Certains sont nationaux, et ambitionnent de redonner à l’État-nation sa souveraineté monétaire : c’est le cas du People’s Quantitative Easing de Corbyn. Lors de la course à la direction du parti travailliste de 2015, Jeremy Corbyn a défendu ce qu’il a appelé le People’s Quantitative Easing, dont l’objectif est que la banque d’Angleterre fasse du QE afin que le gouvernement puisse investir dans les infrastructures.C’est aussi le cas de l’initiative récente du gouvernement italien. Motion votée à l’unanimité par le parlement Italien, la MMT italienne prendrait la forme d’une monnaie parallèle à l’euro, les Mini-BOTS, soit des bons du Trésor à court terme italiens qui reconnaîtrait les dettes émises par l’Italie pour rembourser les dettes dues. Une fois à échéance, ils seraient remboursés par l’État ou utilisés par leurs propriétaires dans le paiement de l’impôt ou l’achat de biens et services publics.

Mais il existe aussi des projets à l’échelle de la zone euro, comme le Pacte Finance Climat, initiative française proposée par l’économiste Pierre Larrouturou et le climatologue Jean Jouzel, qui s’inspire directement du QE européen puisqu’il souhaite financer la transition énergétique européenne par un nouveau programme de QE. Il propose la création d’une Banque Européenne pour le Climat qui puisse créer des liquidités pour chaque État membre, à hauteur de 2 % de son PIB par an et à taux zéro, afin d’investir massivement dans la transition écologique. Diem25, le mouvement de gauche européen lancé en 2015, entre autres par l’ex-ministre des Finances grec Yánis Varoufákis, défend aussi son propre projet de QE pour le peuple, qui permettrait de financer un revenu universel9.
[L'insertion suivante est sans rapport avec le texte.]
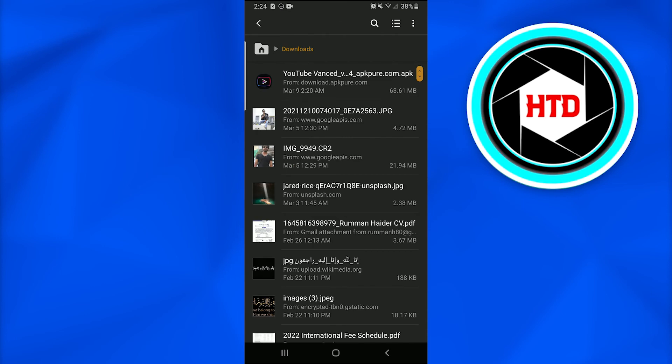Once I tapped into the download option a new page has appeared in which I have this APK file downloaded by the name of YouTube Vanced.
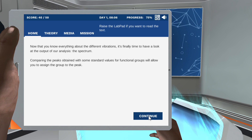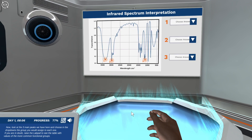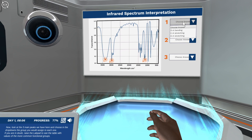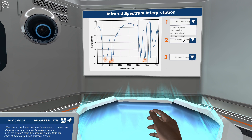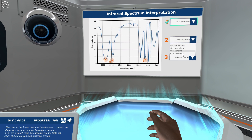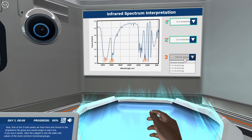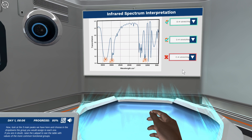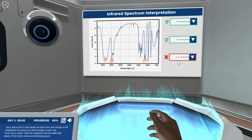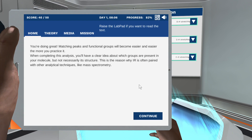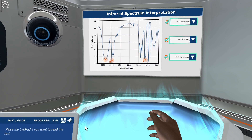Now look at the three main peaks we have here and choose in the drop-downs the group you would assign to each one. You're doing great — matching peaks and functional groups will become easier and easier the more you practice it.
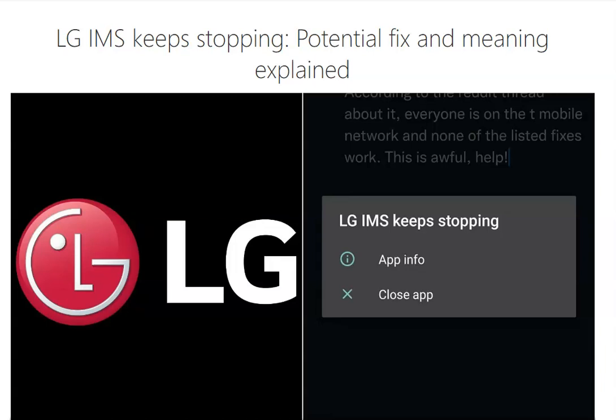It seems like it's happening more with T-Mobile users than anything else, but I've heard reports on Boost Mobile and other services. It's predominantly happening with LG phones.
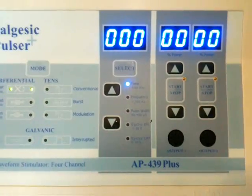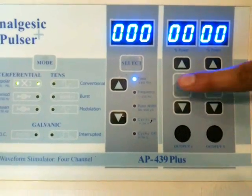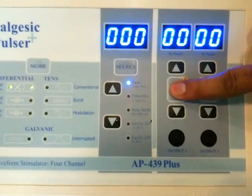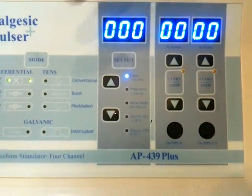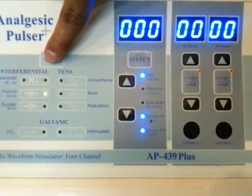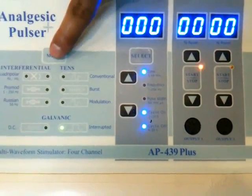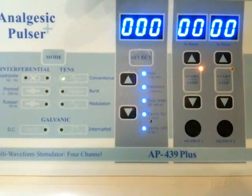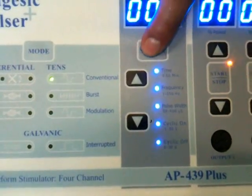Now selecting TENS mode. Starting channel 1. Selecting mode by pressing the mode keys — it's TENS conventional.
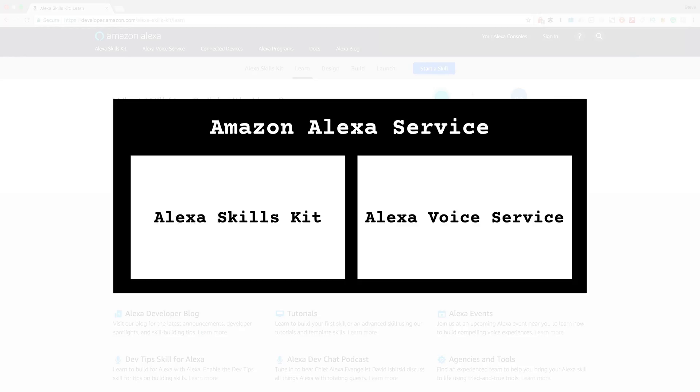The Skills Kit lets you add new capabilities to make Alexa smarter, and these are called skills. So if Alexa doesn't do something now that you'd like her to do, you can teach her how by creating a new skill.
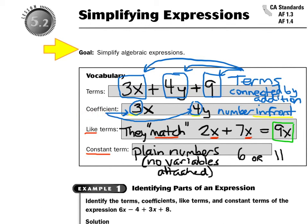The word 'coefficient' just means the number in front of the variable. So 3 is in front of the x, so 3 is the coefficient. 4 is in front of the y, so 4 is the coefficient. Now 'like terms' just means they match. For example, if I had 2x plus 7x, they match because they both have x's, so that would be a total of 9x, because 2 plus 7 equals 9. A constant term is just plain old numbers with no variables — like 6 or 11.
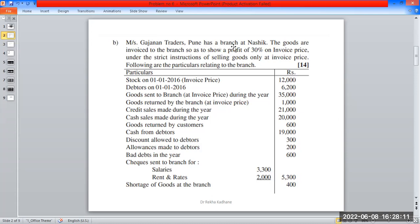Mr. Gajanan Trader has a branch at Nasik. Goods are invoiced to the branch so as to show a profit of 30% on invoice price. Loading profit is 30% on invoice price. Invoice price means selling price — we assume 100%. Under strict instruction of selling goods only at invoice price.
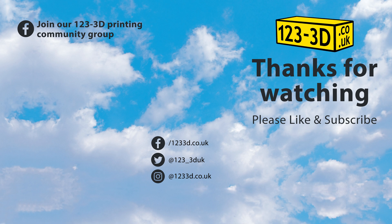Thanks for watching, be sure to like and subscribe, and check out 1233d.co.uk for all your 3D printing needs.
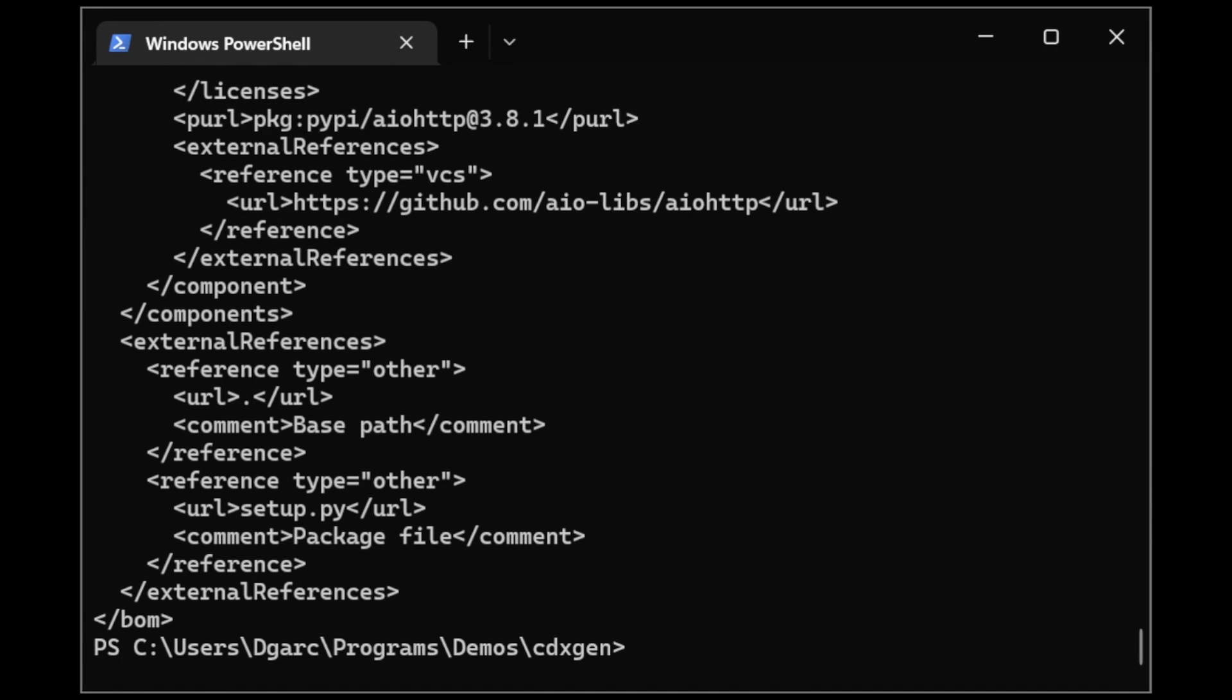CDXGen also has the additional feature to present all the components in a given project in a nice table, which I'll demonstrate now.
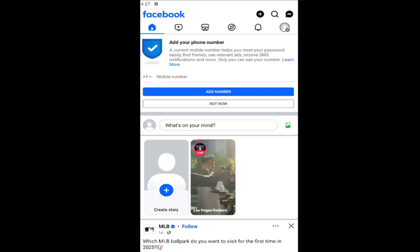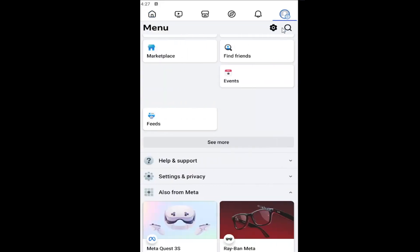And without further ado, let's go ahead and jump straight into it. So all you have to do is open up the Facebook app on your iOS or Android device. And what you're going to do at this point is open up the profile icon at the top right. Let's go ahead and select that.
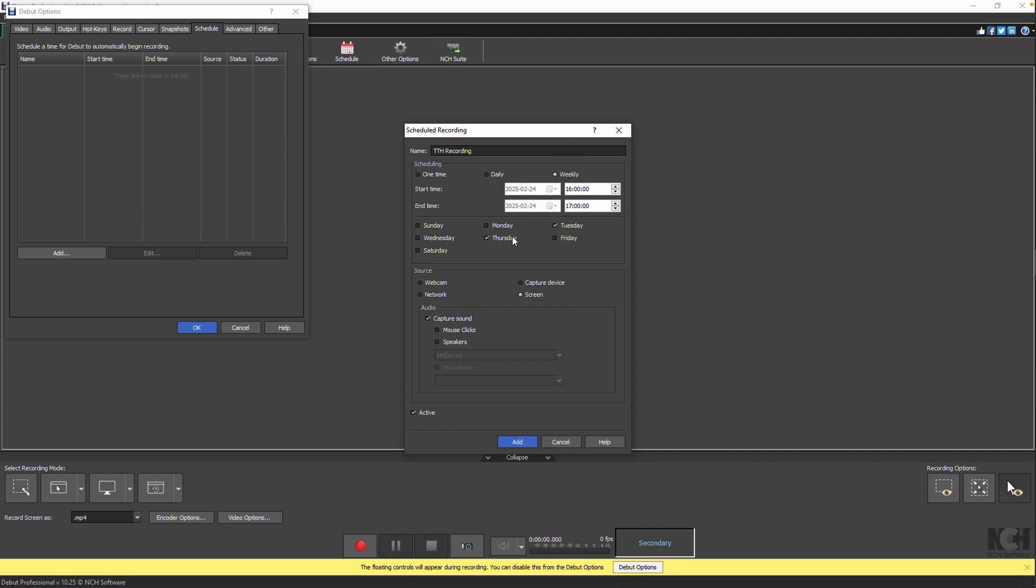Once you've set the schedule, choose your recording source by selecting the appropriate option: Webcam, capture device, network, or screen.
7. Les critiques de la MMT

Malgré son succès, la MMT fait face à de nombreuses critiques. C’est d’abord le risque de l’inflation qui mobilise ses opposants. Ils craignent qu’en renforçant la demande effective et en augmentant la masse monétaire, on ne provoque une augmentation du niveau général des prix. Cela signifie une perte du pouvoir d’achat de la monnaie nationale et par conséquent de la capacité, dans le cadre de la MMT, pour l’État de se financer. Dans le scénario cauchemardesque d’une inflation galopante, l’État doit créer de plus en plus de monnaie pour se financer mais n’arrive ni à tenir le rythme, ni à réduire l’inflation en taxant plus. Comme dit plus haut, la période actuelle se distingue par une très faible inflation et ce malgré une forte injection de liquidités dans l’économie par les Banques centrales. Le champ semble libre de ce côté-là, mais est-ce vraiment le cas ? Là encore, pas selon les opposants de la MMT, comme on peut le constater dans le discours de Stanley Fisher précédemment cité ou bien les déclarations du gouverneur de la Fed, Jay Powell10. La croyance de beaucoup d’économistes est que l’inflation est ancrée par les anticipations des acteurs économiques et l’existence d’une relation entre inflation et taux de chômage (la fameuse courbe de Phillips). De ce point de vue, la stabilité récente du taux d’inflation n’est pas un critère suffisant pour supposer que la limite de dépense est infinie. Si l’inflation est basse aujourd’hui, c’est le signe que le plein emploi n’a pas été atteint (une raison conjoncturelle qui peut aller dans le sens des partisans de la MMT) mais aussi le produit d’années de politiques monétaires, notamment les politiques de désinflation des années 1980, qui ont ancré les anticipations des acteurs économiques. Ces faibles anticipations sont donc en parti structurelles et un changement de politique monétaire pourrait rebattre les cartes.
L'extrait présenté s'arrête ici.